Pero el plácido retiro de el Credo se complicó hace cuatro meses, cuando un juez ordenó el traslado a Topo Chico de Pedro Salvador Saldívar, conocido como el Z-27 o Comandante Flaco, un cabecilla de Los Zetas encerrado hasta entonces en una cárcel federal de alta seguridad, como aquella de la que se escapó el Chapo Guzmán. Los Zetas, que surgieron como brazo armado del cártel del Golfo y después se escindieron de la organización, tienen la nefasta reputación de estar entre los más violentos de los violentos, así que la llegada del nuevo reo permitía presagiar problemas muy serios. El pasado día 11, el Z-27 y sus secuaces el Pescado, el Cochiloco, la Liebre, el Comando 28, el Sigi... prendieron fuego a las despensas y desencadenaron un infierno de tres horas que dejó 49 cadáveres: apuñalados, linchados, molidos a palos, decapitados, abrasados... Tras la batalla campal, la Policía encontró 120 pinchos de fabricación artesanal, 86 cuchillos y 60 martillos que se habían empleado como armas.

Ofrendas de bebida

El motín ha permitido atisbar hasta dónde llegan el descontrol y la corrupción en algunas cárceles mexicanas. En Topo Chico había saunas, aparatos de aire acondicionado, cintas de correr, incluso algún acuario, y los presos que manejaban la prisión habían establecido 280 puestos de alimentos y un bar decorado con frescos de la Santa Muerte. La macabra figura, tan venerada por los narcos, era una presencia obsesiva en el penal, salpicado por cientos de altares donde le presentaban ofrendas de bebida, tabaco y droga. Ni siquiera faltaban las estatuas a tamaño real.

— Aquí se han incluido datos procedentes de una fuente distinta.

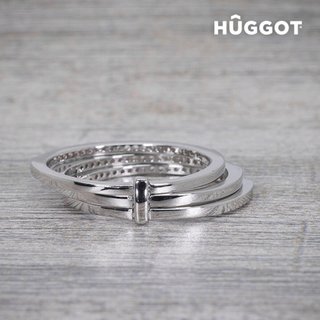 Anillo Huggot Plata 925 Cristales Swarovski
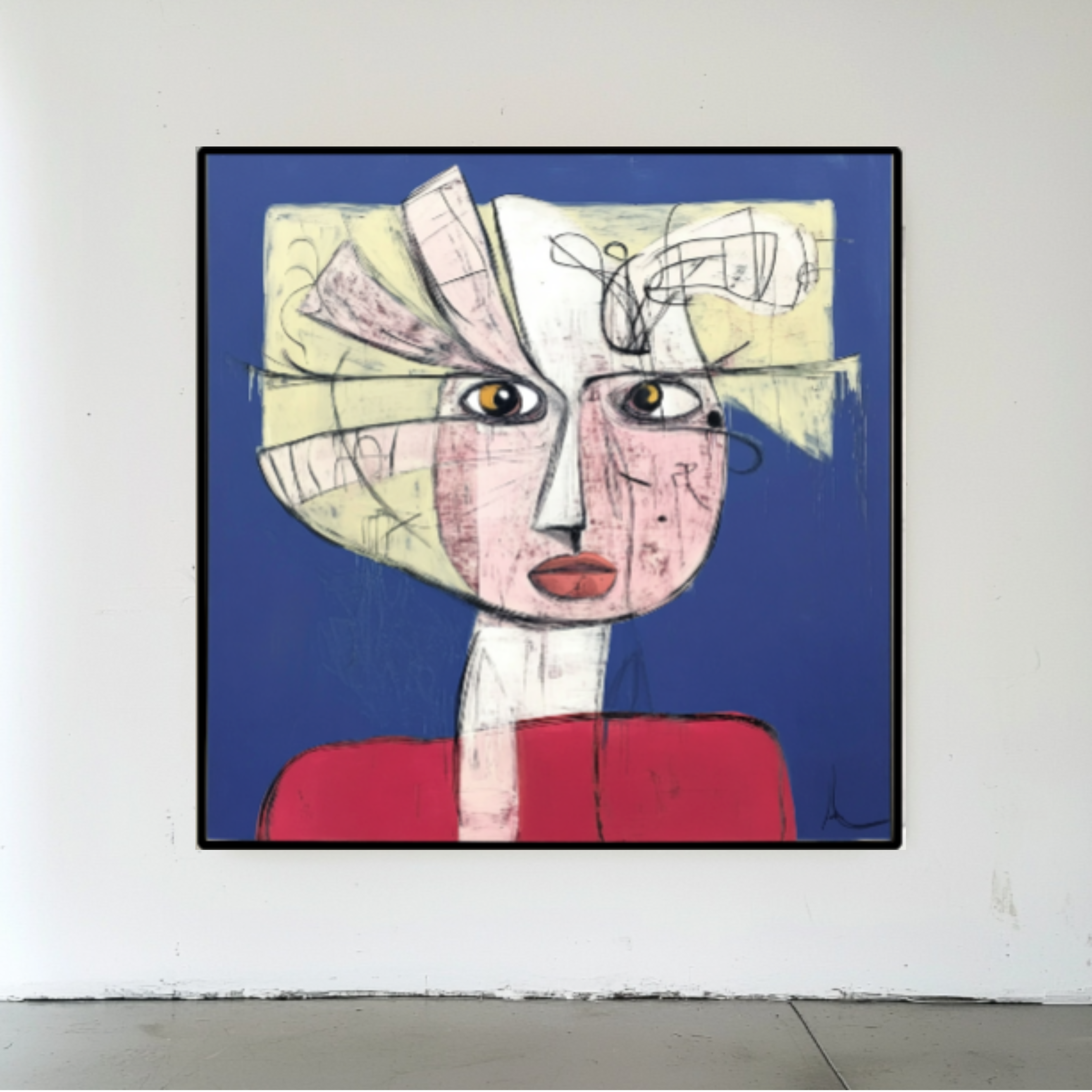 Canvas Print : "Abstract Muse"-Chiara Rossetti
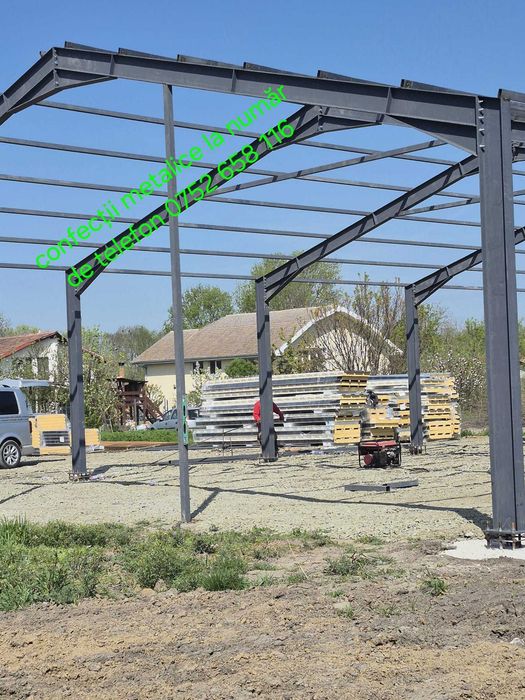 Vand hala metalica completa sau doar structura , pret promotional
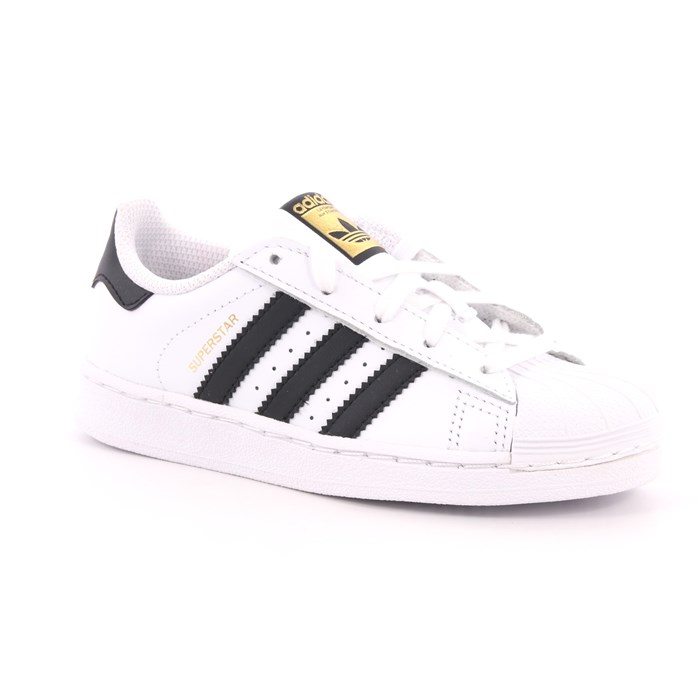 Scarpa Allacciata Adidas Bambino Bianco  Scarpe 702 - BA8378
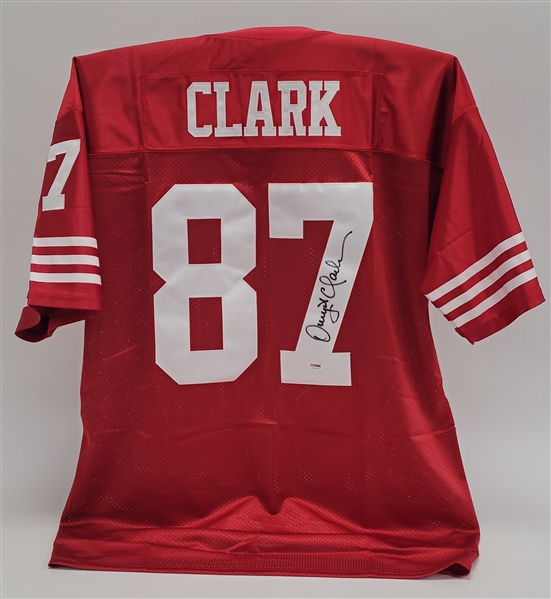 Dwight Clark Autographed Custom Jersey PSA/DNA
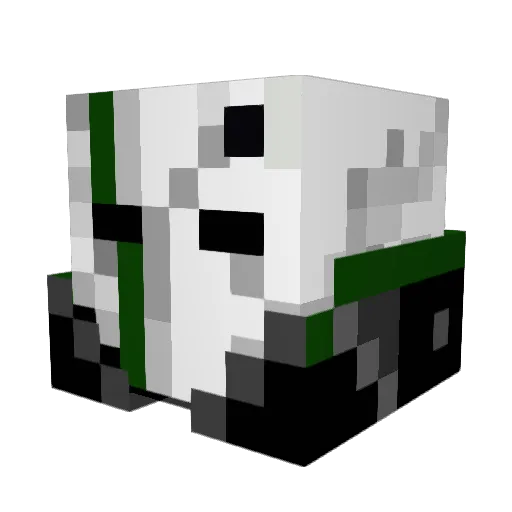 Meyotl Minecraft avatar head, 3D render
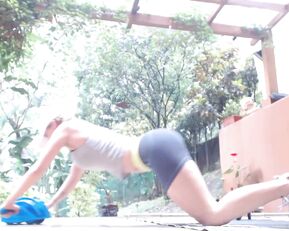 KimTylor_ Fitness Workout Outdoors MFC, MyFreeCams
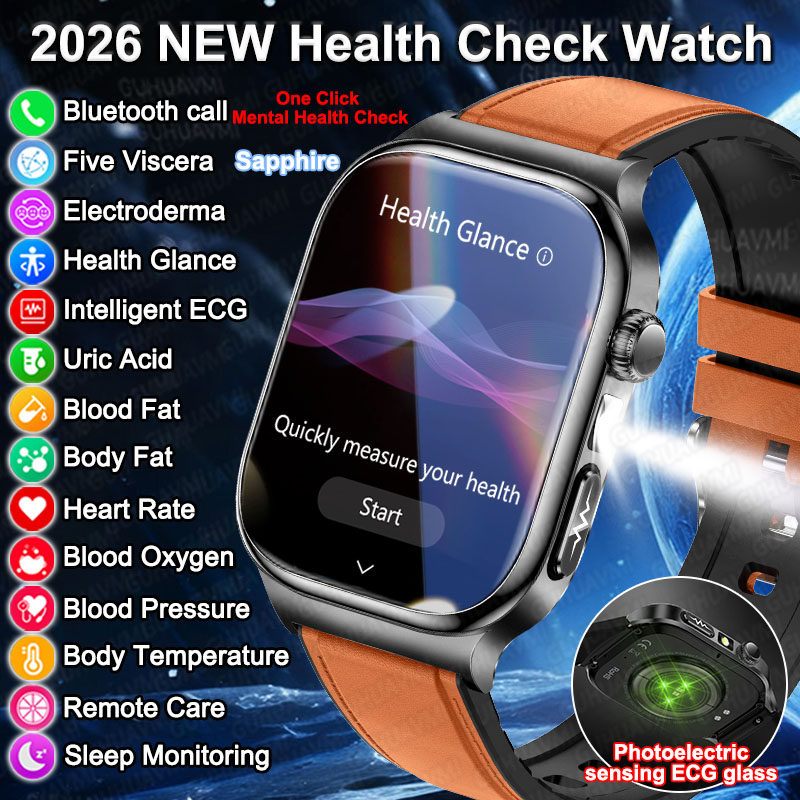 2026 New Accurate Diagnosis Sm - Smartwatch Military Watches For Men recension och pris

«Tristemente, la tragedia de Topo Chico no es sorprendente», explica a este periódico Leslie Solís, investigadora en materia penitenciaria de la organización México Evalúa. La cárcel de Monterrey servía como buen ejemplo de los inquietantes vicios del sistema: «Un número importante de prisiones tienen autogobierno, el personal de seguridad y custodia es insuficiente, hay presencia de sustancias y objetos ilícitos, hay privilegios y no se garantizan condiciones dignas. Los internos están en ambientes de corrupción, violaciones de derechos, maltrato y violencia», enumera. En México, sometido desde hace años a una escalofriante escalada de criminalidad, la mano dura de las autoridades ha derivado en cierto abuso de las penas de cárcel: más del 60% de los internos ha cometido delitos menores y en torno al 40% está en prisión preventiva, sin que exista separación entre los ladrones de poca monta en el motín mataron, por ejemplo, a Erick González, preso por haber robado el equipo de música de un coche y los encallecidos esbirros del crimen organizado. En Topo Chico se apretaban 4.585 internos, cuando está construida para un máximo de 3.635, pero en el país hay centros con ocupaciones que cuadruplican o incluso quintuplican su capacidad.

El Z-27 y el Credo, como buenos peces gordos, salieron vivos de la revuelta. Y eso que, al segundo, el caos le pilló con la guardia baja: en aquel preciso momento, estaba acompañado por una mujer.